Practical Guidance for Practitioners: The study provides a clear recipe: define and apply strict, hierarchical quality filters to create a high-signal "core" dataset, and train on it for multiple epochs. This is more effective than hybrid curricula that start with low-quality data.
Importance of Data Cleaning: The work highlights the critical need for cleaned, task-preserving benchmarks in non-English NLP to ensure reliable evaluation.
Sample Efficiency: The released BOLDT models demonstrate that state-of-the-art performance for a given model size can be achieved with orders of magnitude less pre-training data, reducing computational costs and barriers to entry for non-English LLM development.

Conclusion

This work demonstrates that for high-resource non-English languages like German, aggressive quality filtering and subsequent multi-epoch training on the resulting high-density core is a superior strategy to single-pass training on larger, noisier datasets, even when total available text is limited.

Main Takeaways:

Quality filtering remains beneficial despite smaller non-English data pools.
The benefits of repeating high-quality data persist well beyond previously assumed epoch limits and scale with model size.
The advantage of high-density pre-training translates directly to improved instruction-following capabilities.
Careful filtering based on strong annotators offers a practical path to sample-efficient pre-training in data-constrained, non-English settings.
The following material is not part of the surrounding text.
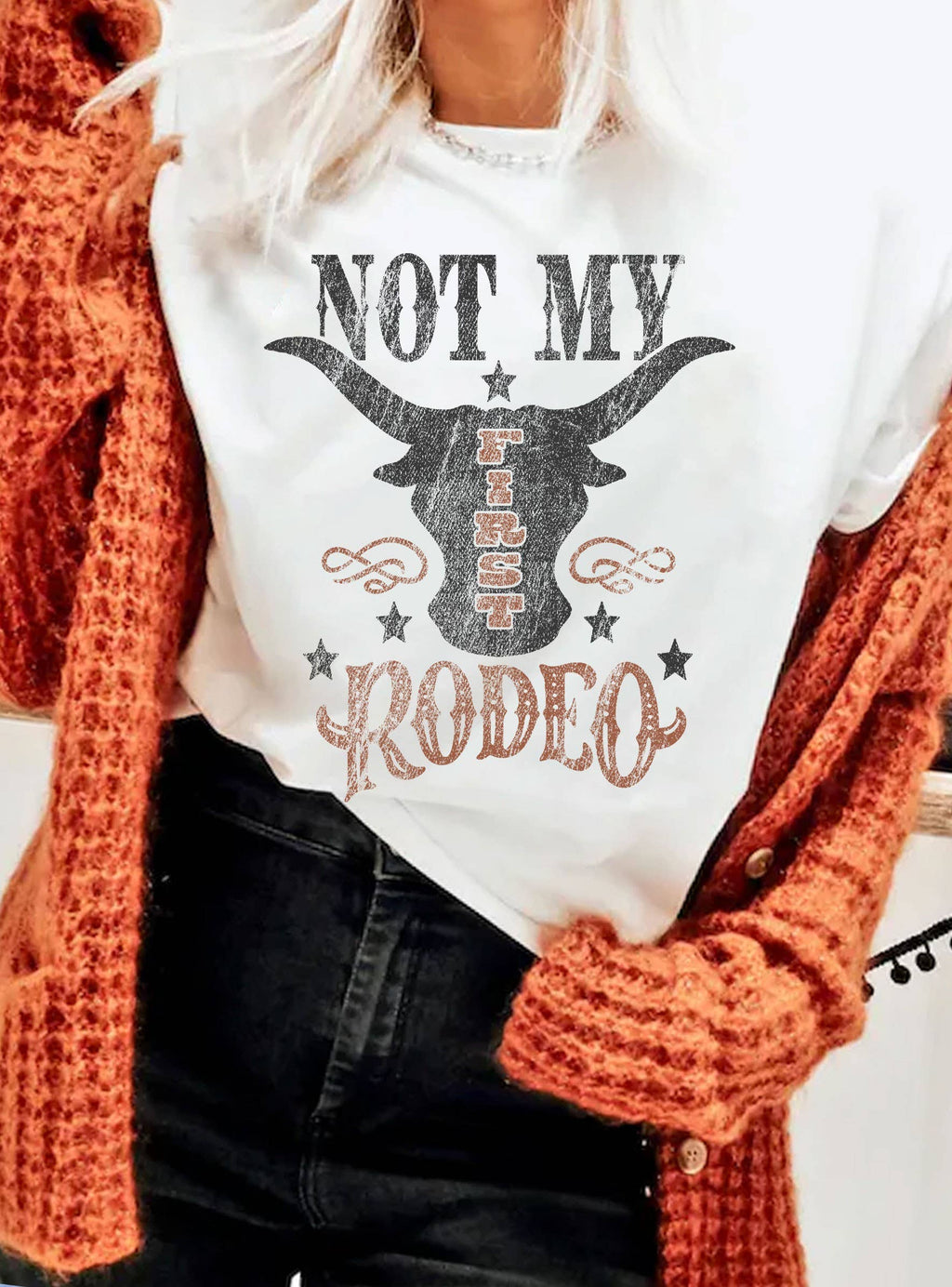 NOT MY FIRST RODEO COW GRAPHIC TSHIRTS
Future Directions & Limitations:

Language Scope: Findings need validation across other language families and lower-resource languages.
Scale: Experiments are limited to ≤1B parameters and ≤200B tokens; trade-offs may differ at industry-scale.
Architecture: Focus is on dense transformers; Mixture-of-Experts models may behave differently.
Safety & Bias: The study does not assess toxicity, demographic biases, or safety implications of aggressive filtering and repeated training.